Trudy had a Bible in her right hand and the same purse slung over her shoulder as the day before. She was wearing a white dress and sandals. To Big Bill’s satisfaction, her hair was up. Her husband, Jonathan, tall and bearded and stork-like, wore shorts and a T-shirt and a baseball cap. He looked like something that would propagate only in wetlands.

Colesceau had said that Trudy Powers would be good to her word, and she had been. He had thanked her for the pie, arranged to pray early the next morning in the park just east of the Quail Creek Apartment Homes. Colesceau had told her the sunrise was beautiful from there — that he’d often gotten up early and gone alone there to see it and pray. Bill hoped she’d honor her commitment.

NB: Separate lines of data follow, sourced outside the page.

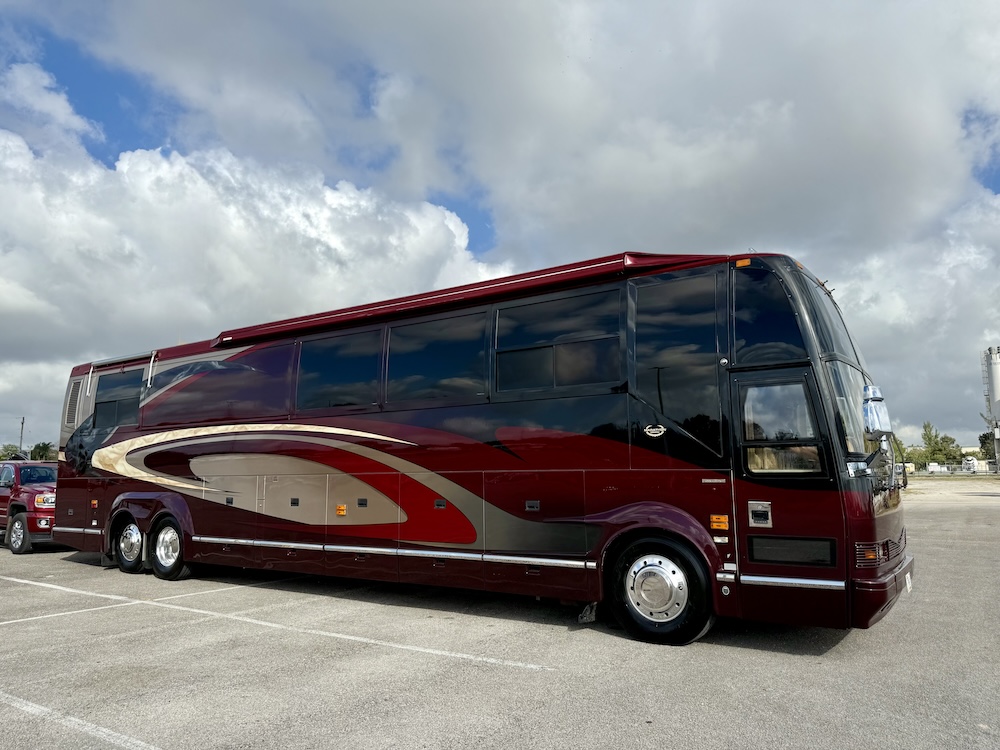 2000 Prevost Marathon H3-45 For Sale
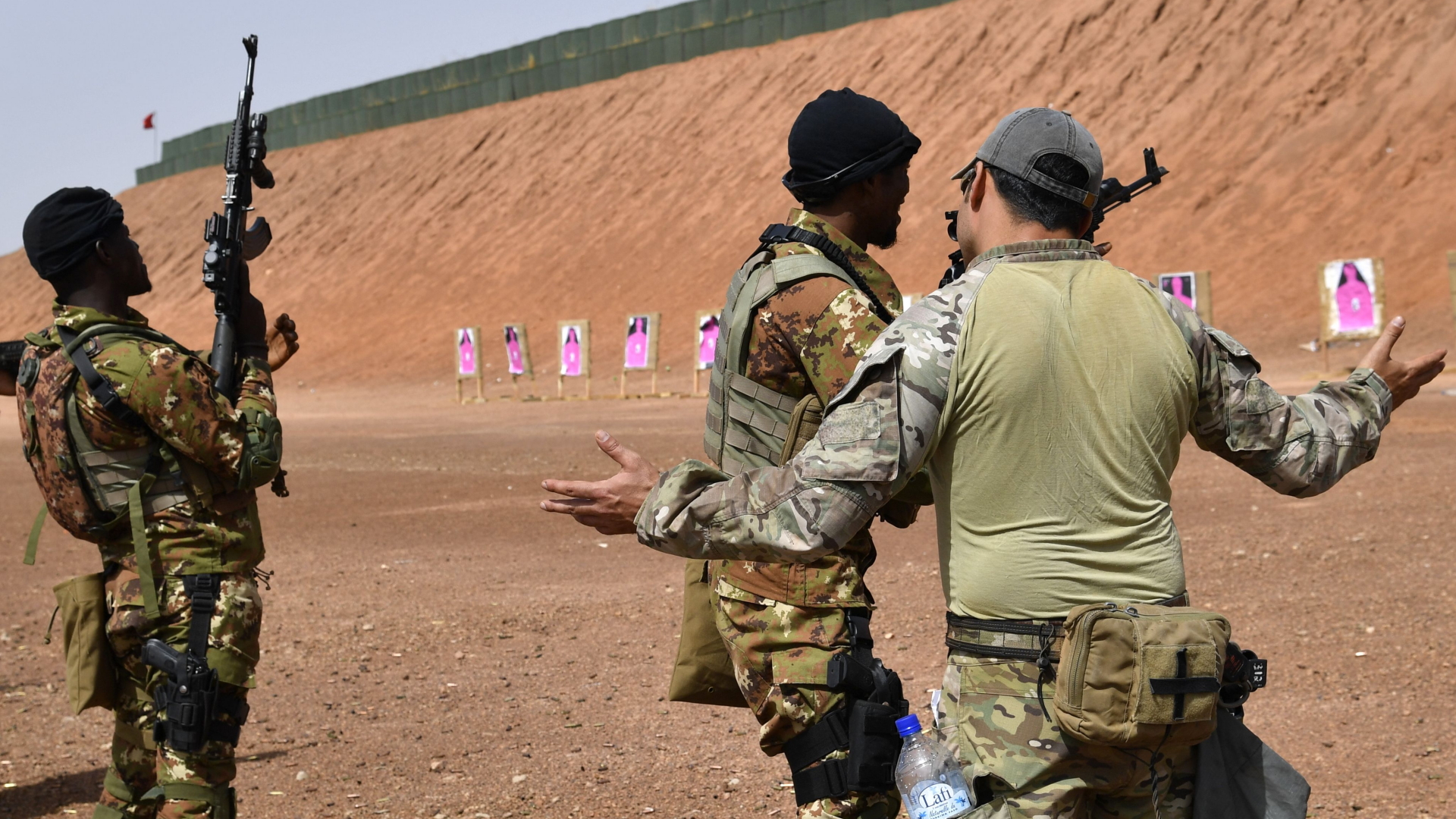 Ein Ausbilder US-Armee trainiert mit malische Soldaten während einer Anti-Terror-Übung in Burkina Faso.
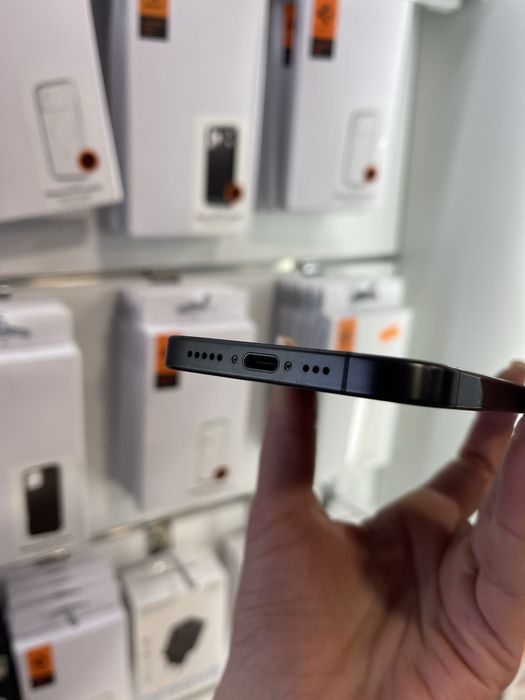 iPhone 15 Pro 256Gb black titanium - АКБ 100%, стан 4+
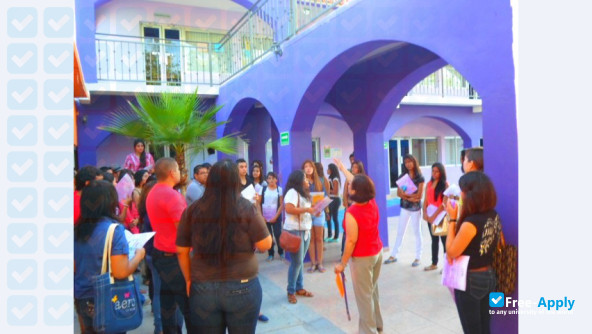 Foto de la University Mundial #2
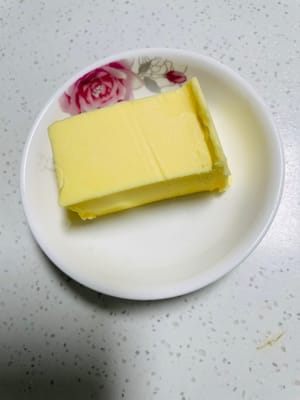 バターをあらかじめ溶かして置いておく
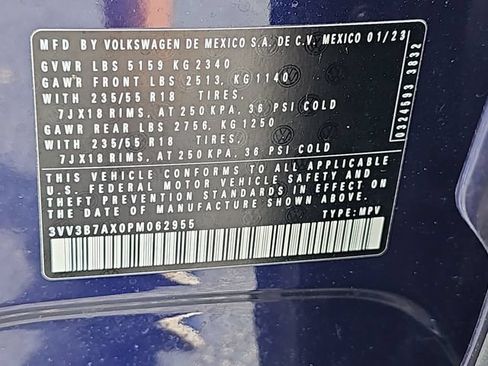Used 2023 Volkswagen Tiguan SE FWD image 38
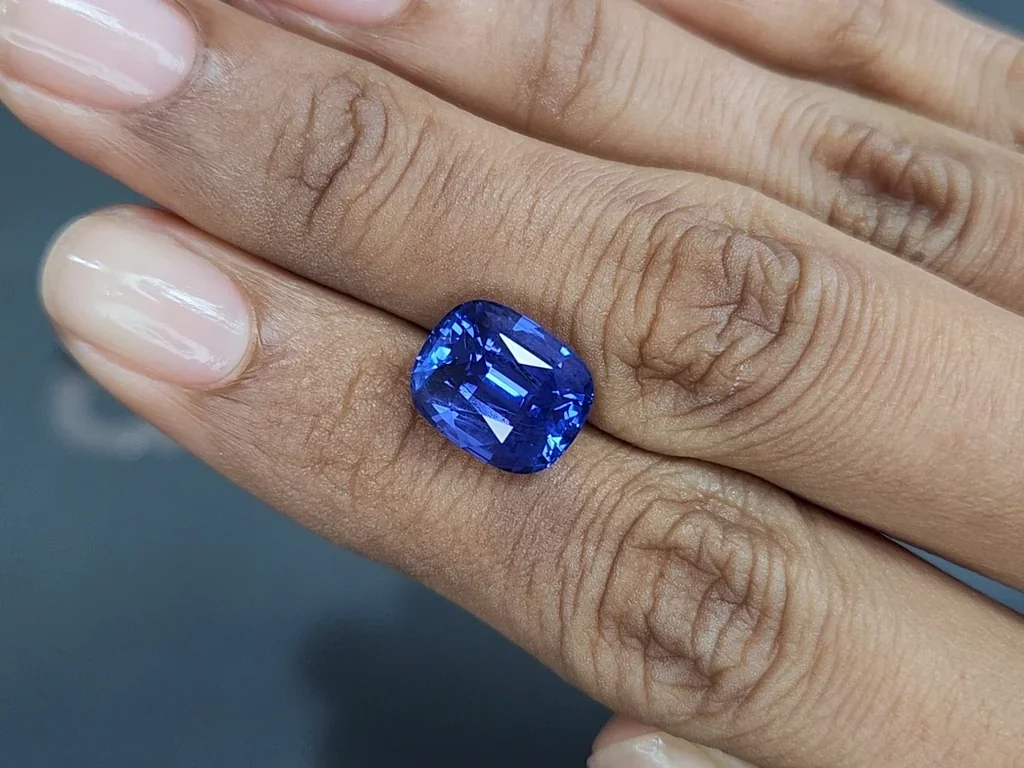 Zafiro azul real de talla cojín sin calentar de 7,70 quilates, Sri Lanka Image №2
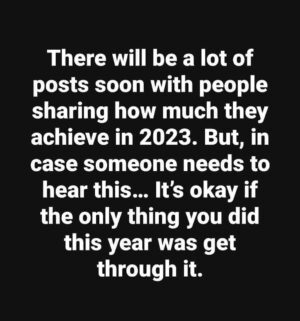 Melissa Joan Hart Instagram - ❤️‍🩹 I’m proud of you. Tell me an accomplishment (even seemingly small) from 2023. What would you like to happen in 2024?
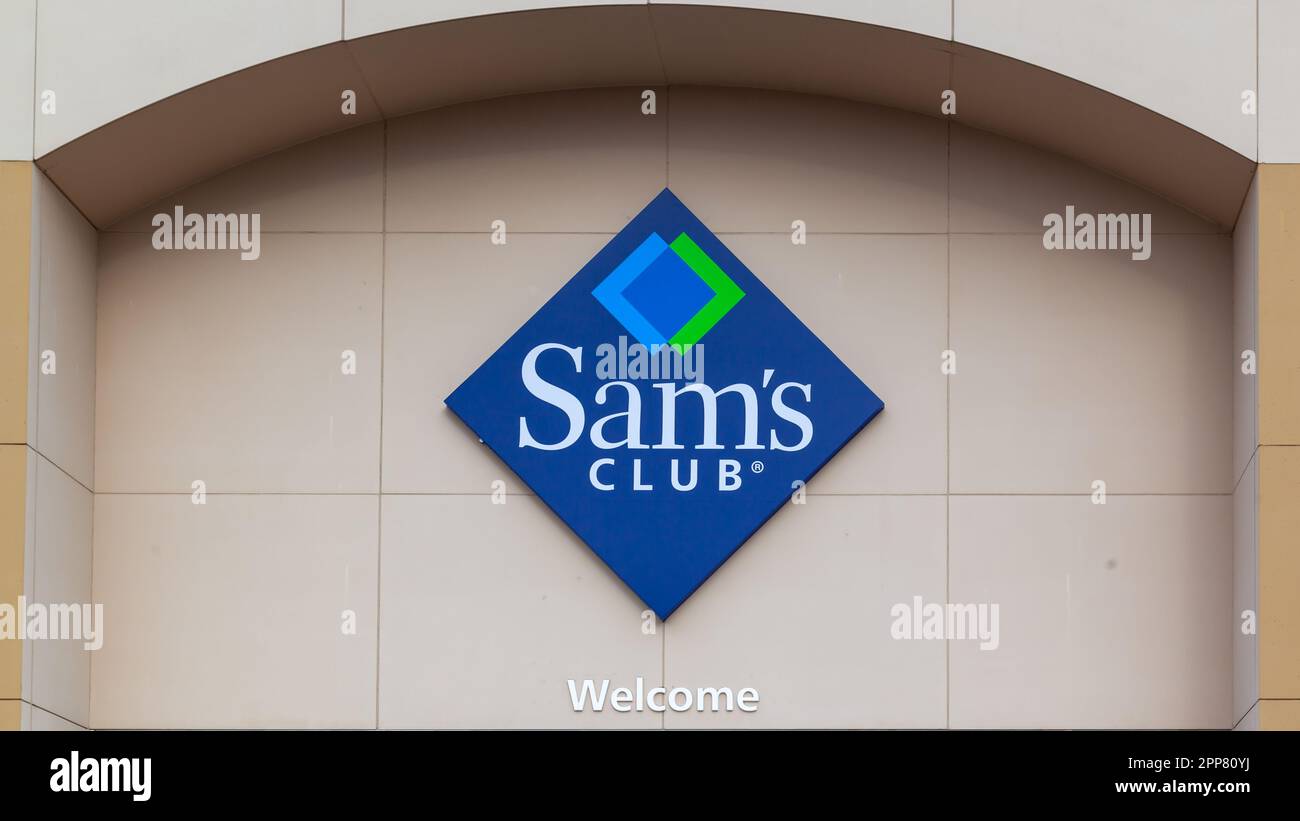 Gros plan de l’enseigne du magasin du club sam’s sur le bâtiment à Saint Louis, Mo, États-Unis. Banque D'Images
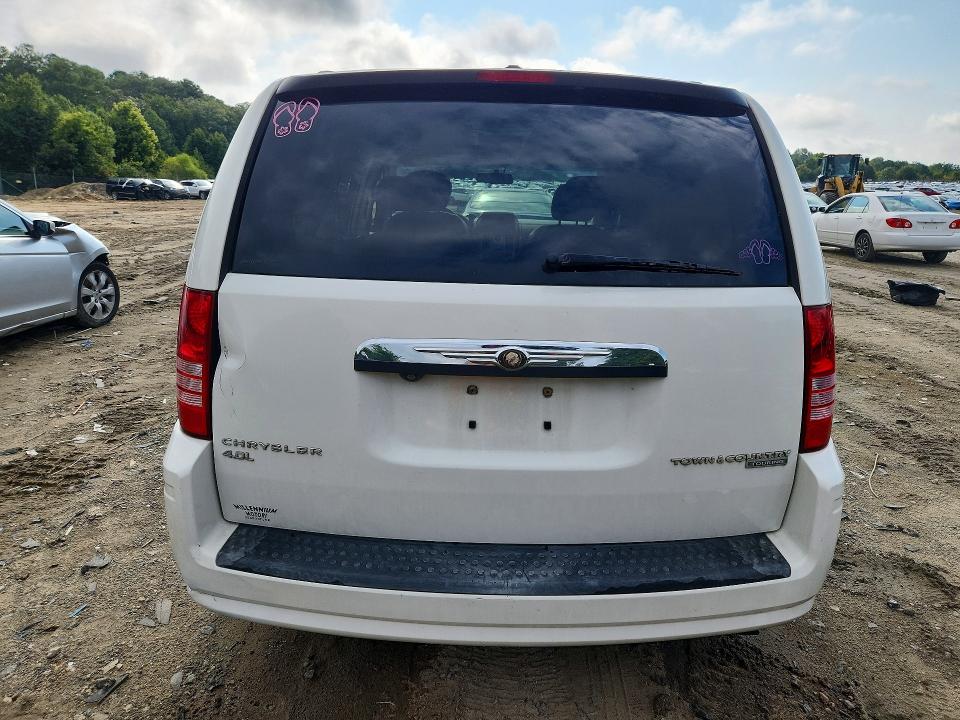 67141486 :رقم المزاد ، 2A4RR8DXXAR366715 vin ، 2010 Chrysler Town & Country مزاد بيع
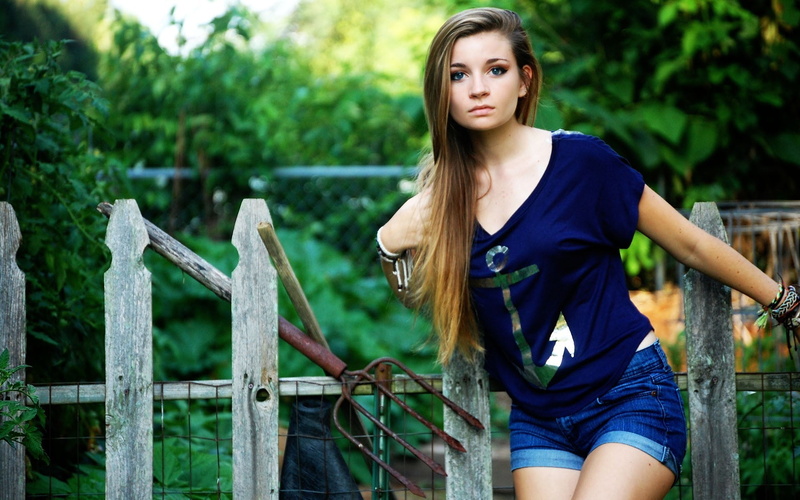 beauty, standing, women, human Hair, posing, park - Man Made Space, elegance, real people, tree, plant, railing, black Color, boundary, barrier, portrait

In fact, Colesceau had never prayed from the park, but Bill had been there twice before, unable to sleep and looking for a place he could dump Lael or Janet if they got to be too much of a problem. He’d covered half the county looking into places for occasions like that. Which was how he found the hanging trees in Ortega. And how the bodies of his first three completely botched preservation attempts had ended up deep in the bottom of Black Star Canyon, in a forgotten mine shaft half a mile beyond the DO NOT ENTER BY ORDER OF THE FIRE MARSHAL sign. It was so deep he never heard them hit.

Bill felt his heart speed up. He checked himself in the mirror, then got out, locked up and walked into the park. Looking ahead he saw Trudy and her husband disappear over a gentle rise. It was an ideal place because the condos all around were hidden by trees to give park users the illusion of privacy. And in this near-dark, no one could see much anyway.

He walked down the swale and started up the rise. The park was empty and he could feel his things in the pockets of his long denim coat. One for Stork and one for Trudy.